Watson Studio, Watson ML, Watson OpenScale

 View Only

SPSS Modeler Extension Nodes – Embedding R and Python Code in Modeler

By Sidney Phoon posted Fri June 01, 2018 06:59 PM

  
SPSS Modeler 18.1 introduced five new nodes that allows you to embed Python and R code in a Modeler Stream. With these nodes you can extend and embrace open source in SPSS Modeler, to perform tasks you can’t easily accomplish with out-of-the-box Modeler nodes.

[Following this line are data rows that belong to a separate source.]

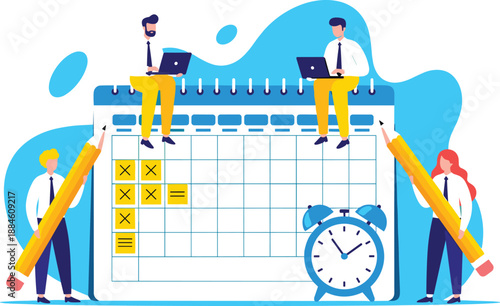 Diverse professional team collaborating on a giant calendar with pencils and alarm clock for time management, scheduling, and project deadlines.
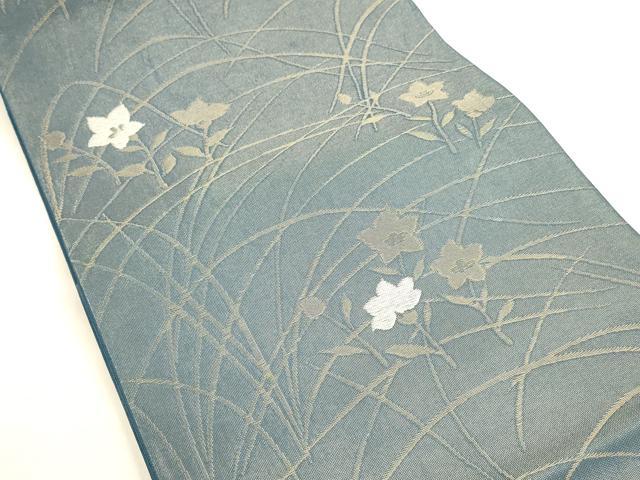 平和屋着物＊夏物 六通柄 京袋帯 草花文 金糸 正絹 逸品 DABA0505cm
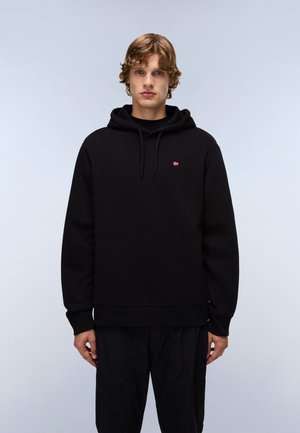 Black hoodie with a drawstring and a small embroidered flag logo on the chest. Features a relaxed fit and ribbed cuffs and hem.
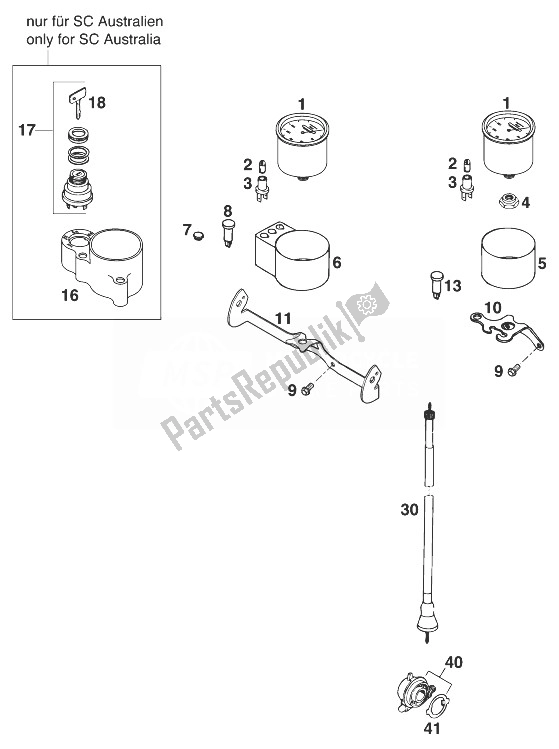 Tutte le parti per il Tachimetro Vdo Sc '98 del KTM 620 SUP Comp Europe 1998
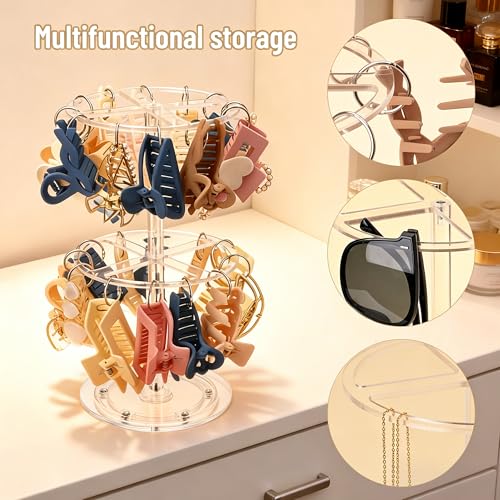 QUPIVA 2-Tier Rotating Acrylic Claw Clip Organizer Rack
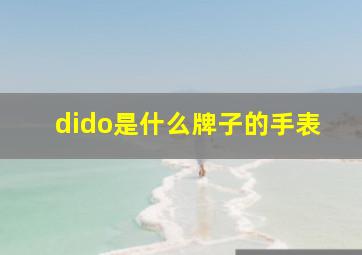 dido是什么牌子的手表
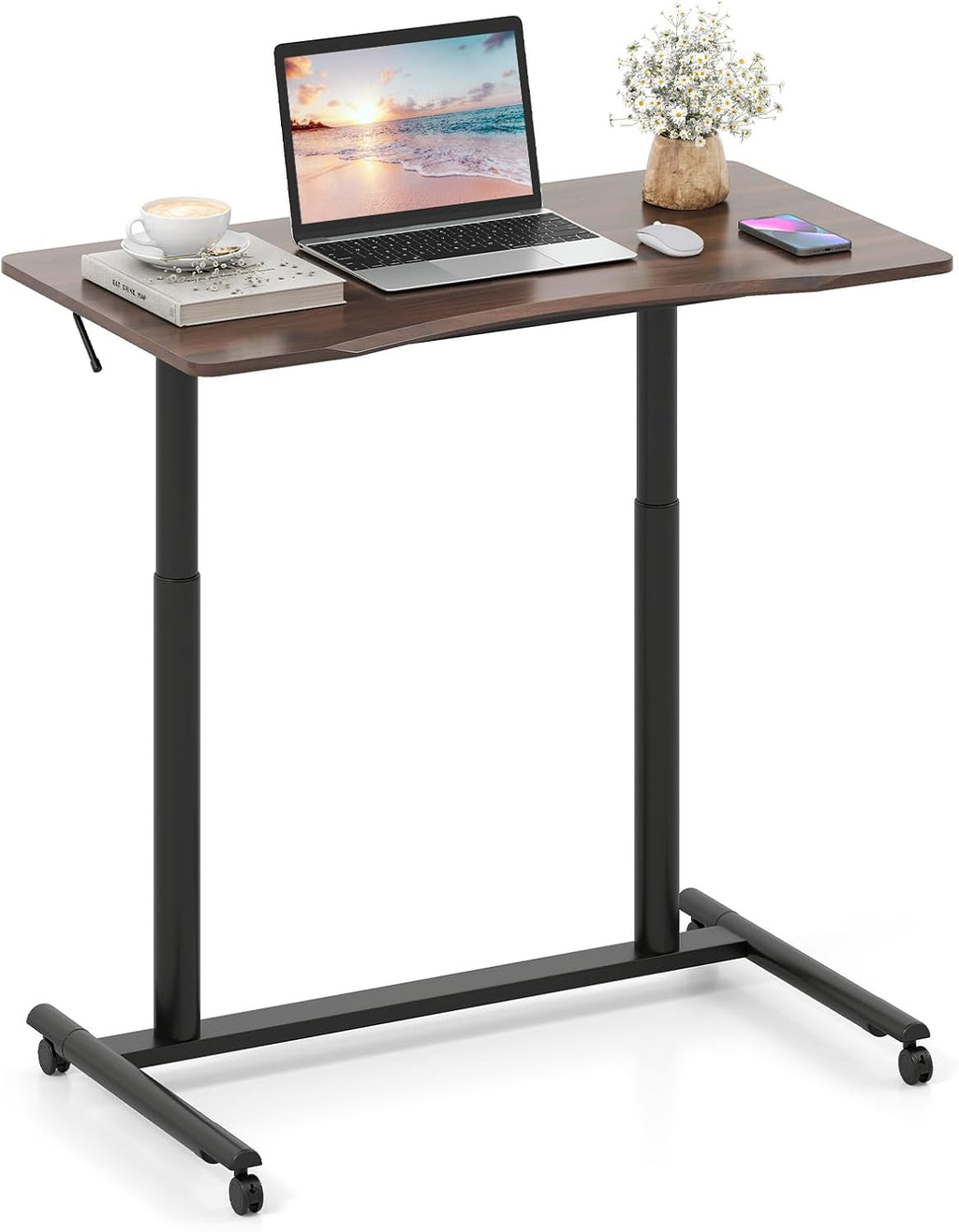 Tangkula Mobile Standing Desk, C-Shaped Sit Stand Desk with Adjustable Height, Lockable Wheels & Metal Frame, Rolling Laptop Desk, Portable Computer Workstation for Small Space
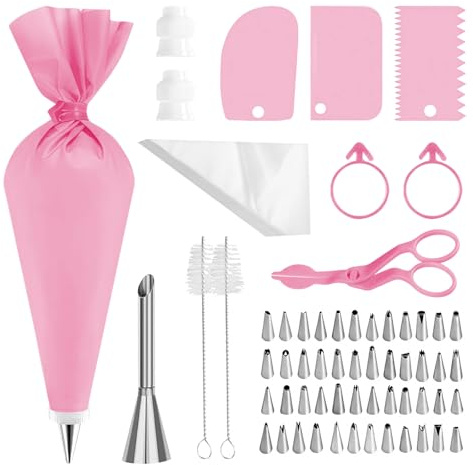 Tmefoy Sac à poche con beccucci, 80 pezzi accessori per torte, Piping Bag e beccucci Set per torte, accessori per torte, adatto per principianti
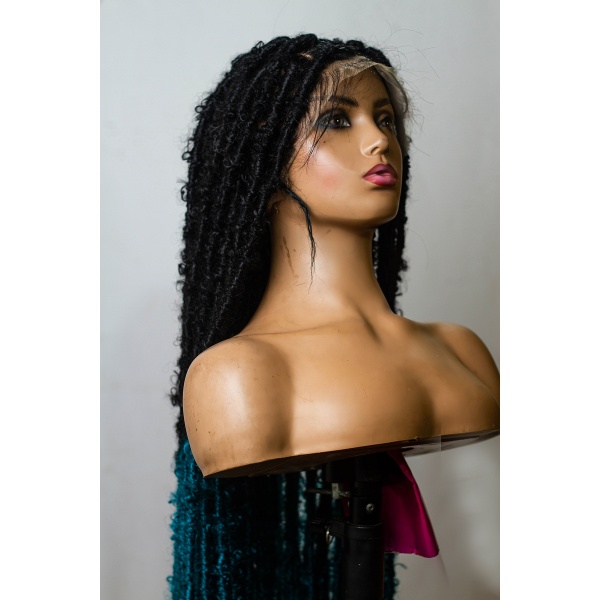 Ombre Teal butterfly Soft Locs on Full lace wig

Extension Import Node Run R or Python scripts to import data
Extension Transform Node Takes data from a node upstream and apply transformations to the data using R or Python scripting
Extension Model Node Run R or Python scripts to build and score models
Extension Output Node Run R or Python scripts to display text and graphical outputs on screen or output to file
Extension Export Node Run R or Python scripts to export data

 



IBM SPSS Modeler Extension Nodes – Python


Python Execution Environment

  • Data will be presented in the form of a Spark DataFrame

  • The IBM SPSS Modeler installation includes a Spark distribution (for example, IBM SPSS Modeler 18.1.1 includes Spark 2.1.0)

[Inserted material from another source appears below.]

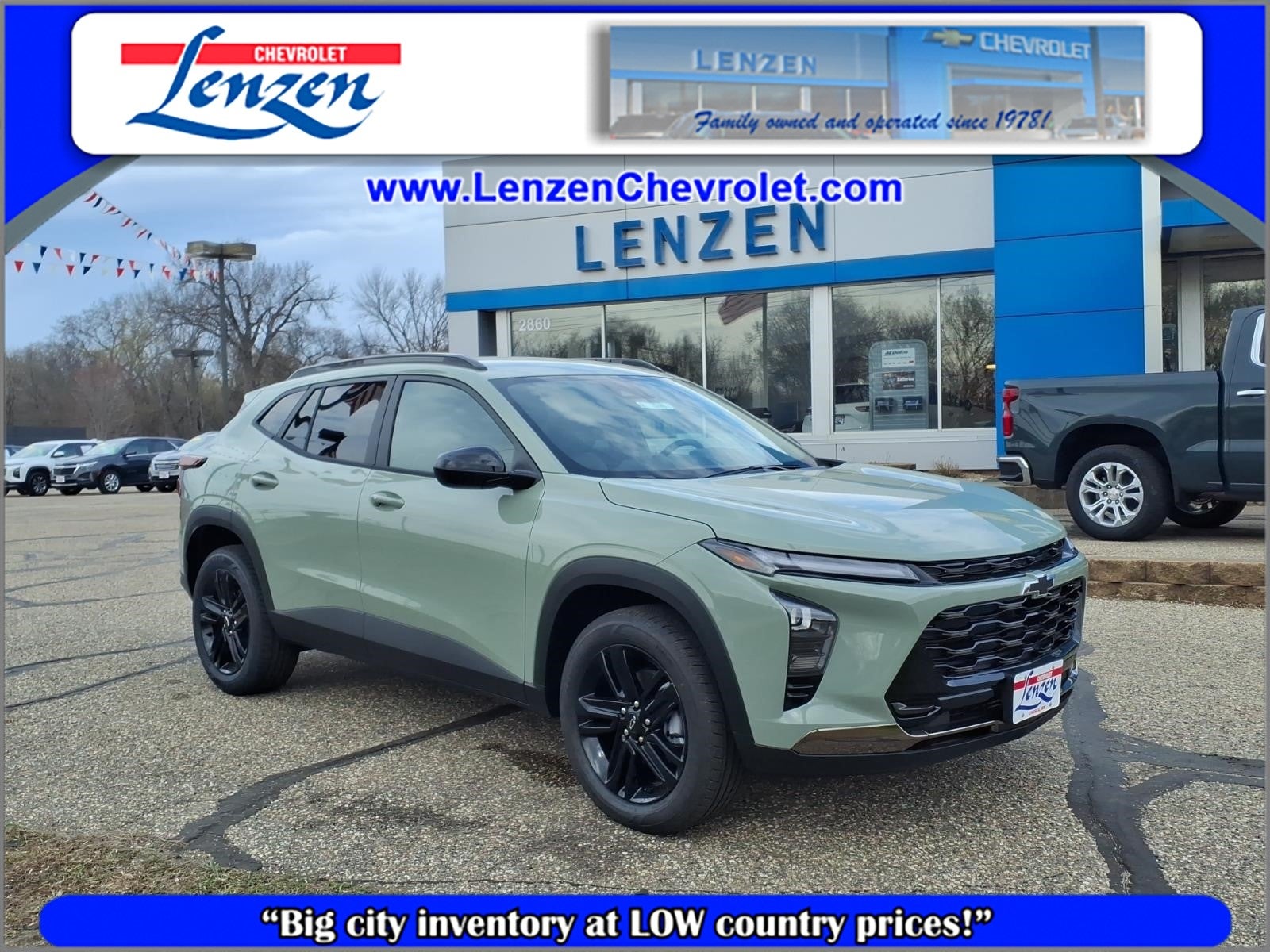 2026 Chevrolet Trax ACTIV in Cacti Green — front three-quarter view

  • IBM SPSS Modeler includes a Python distribution

  • If you plan to execute Python/Spark scripts against IBM SPSS Analytic Server, you must have a connection to Analytic Server, and Analytic Server must have access to a compatible installation of Apache Spark





Programming Framework - Python
In general, to pass data from an extension node to a node downstream, you must set the schema or data model of the data and set the data in a Spark data frame.

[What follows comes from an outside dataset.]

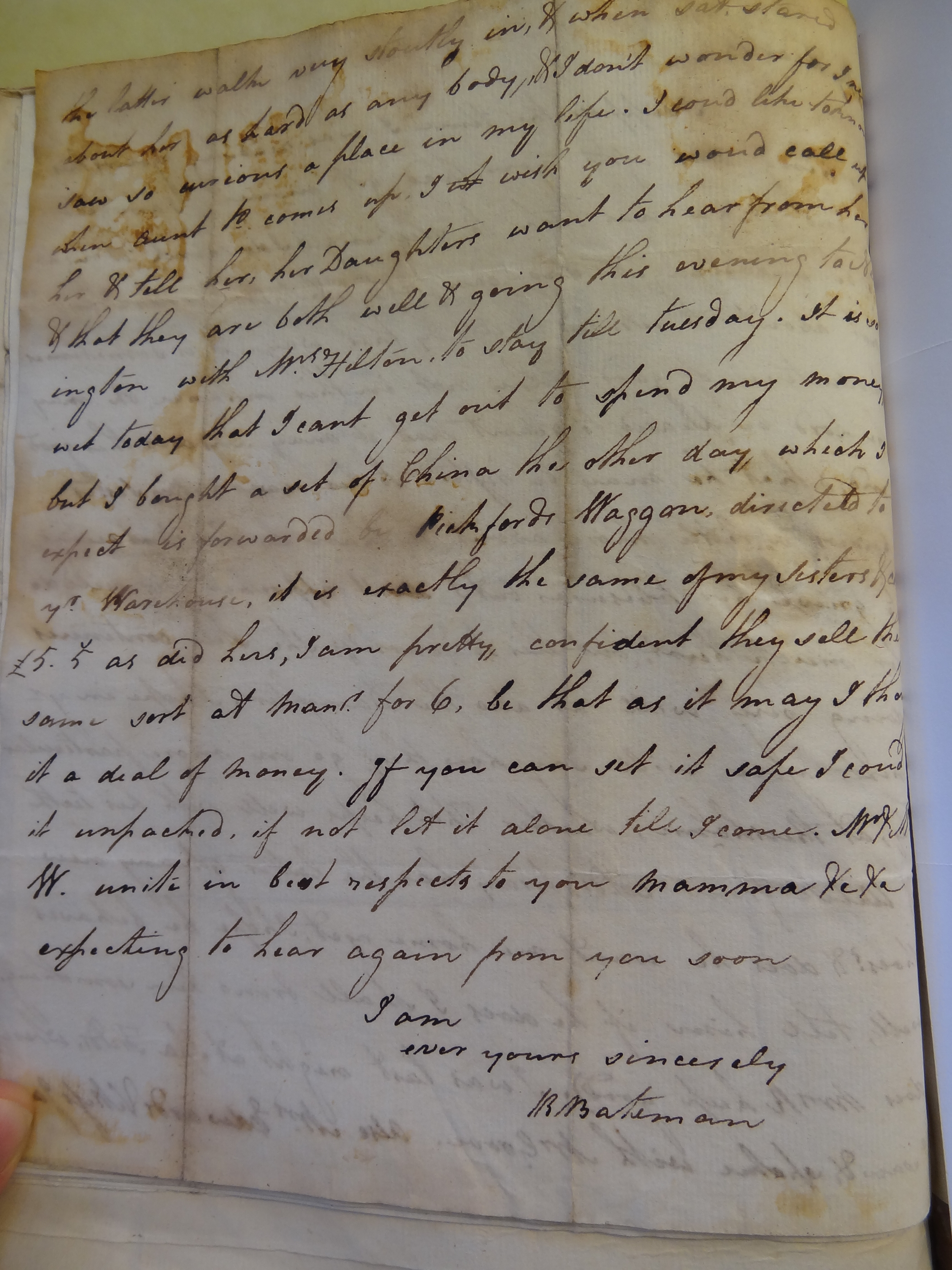 Image #2 of letter: Rebekah Bateman to Thomas Bateman, 18 August 1792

The Python code doesn't just run upon execution. It runs any time the output data model of the node is requested. This includes when the Apply or OK button is clicked on the node dialog, when the tab is switched and when the node is connected. Hence, prior to the execution of the node, when the data is not yet available to be passed downstream, the output data model must be defined. See sample code below.

The second half of the sample code builds the output dataframe on execution of the node. The syntax in blue is SPSS Modeler specific.

Python Programming Framework

Extension Transform Node – Python
With the Extension Transform node, you can take data from a node upstream and apply transformations to the data.

In this example, Extension_Transform_Example_Python.str, we will apply the regexp_ extract() function to extract the error code from a string.

import spss.pyspark.runtime
from pyspark.sql.types import *
from pyspark.sql.functions import regexp_extract
pattern = r'Program Ref\. \/[A-Z0-9_]+\/([A-Za-z0-9_]+)\/'
asContext = spss.pyspark.runtime.getContext()
inputSchema = asContext.getSparkInputSchema()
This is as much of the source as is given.